Se faire violence, c’est aussi travailler seul, chez soi, et non seulement au dojo avec ses amis. C’est aller chercher les partenaires que l’on n’aime pas, parce qu’ils sont trop grands, trop forts, trop mous. C’est sortir de notre zone de confort pour explorer ce qui se passe ailleurs. Car c’est là que la magie fait effet.

Je me souviens de la violence psychologique associée à mes premieres années d’Aunkai. Une pratique quotidienne, seul, à travailler les bases, encore et encore. Des passages à Tokyo pour voir Akuzawa Sensei et ses élèves une à deux fois par an et me rendre compte… que le travail des derniers mois avait été inutile. Que je n’avais pas compris les éléments les plus importants, et que tout ce travail quotidien ne m’empêchait pas d’être maltraité par tous les élèves de Sensei, même les plus récents. Je me souviens des nombreuses fois où j’ai songé à laisser tomber, pensant qu’il n’était pas possible d’acquérir ce type de pratique sans voir son enseignant plusieurs fois par semaine. Et puis j’ai persisté, car abandonner n’apporte jamais de résultats. Parfois il faut savoir manger son pain noir. Ce n’est pas tant l’objectif qui compte, mais le chemin.
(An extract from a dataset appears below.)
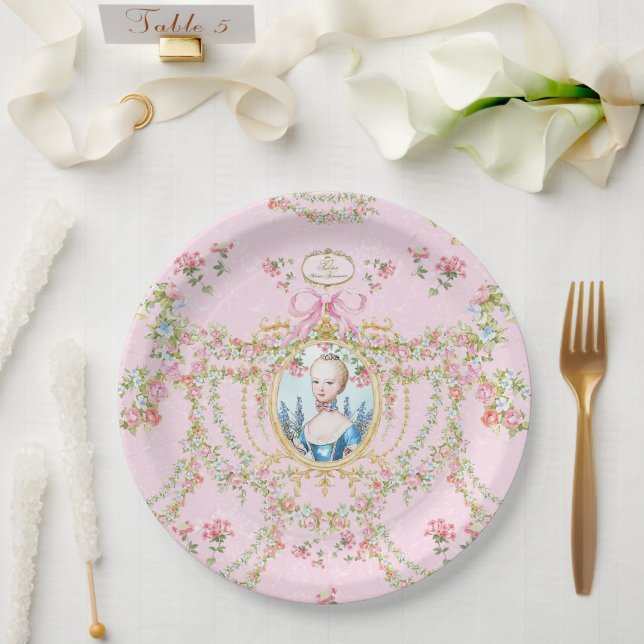 Prato De Papel Marie Antoinette pink rose frame plate (Casamento)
L’Aïkido - vers une résolution du conflit

L’Aïkido ne peut pas faire l’impasse sur la violence, elle représente son coeur. La pratique des anciens nous montre une pratique dure, parfois même extrême et dangereuse. Elle nous montre aussi que les plus grands adeptes ont cherché à progresser par tous les moyens. Renforçant leur corps au quotidien et se confrontant aux plus grands de leur époque. Si leur niveau a défié le temps et que leur réputation est arrivée jusqu’à nous, c’est aussi parce qu’ils ont su aller plus loin que leur zone de confort, se mettre en danger, et en faire une force.

 

Cet article initialement écrit pour Dragon Magazine Spécial Aikido n'y a finalement pas été publié suite à un problème lors de la maquette. Je vous le propose donc ici en exclusivité.

Commentaires

Anonyme a dit…
Merci pour cette sincérité et toutes ses éclaircies.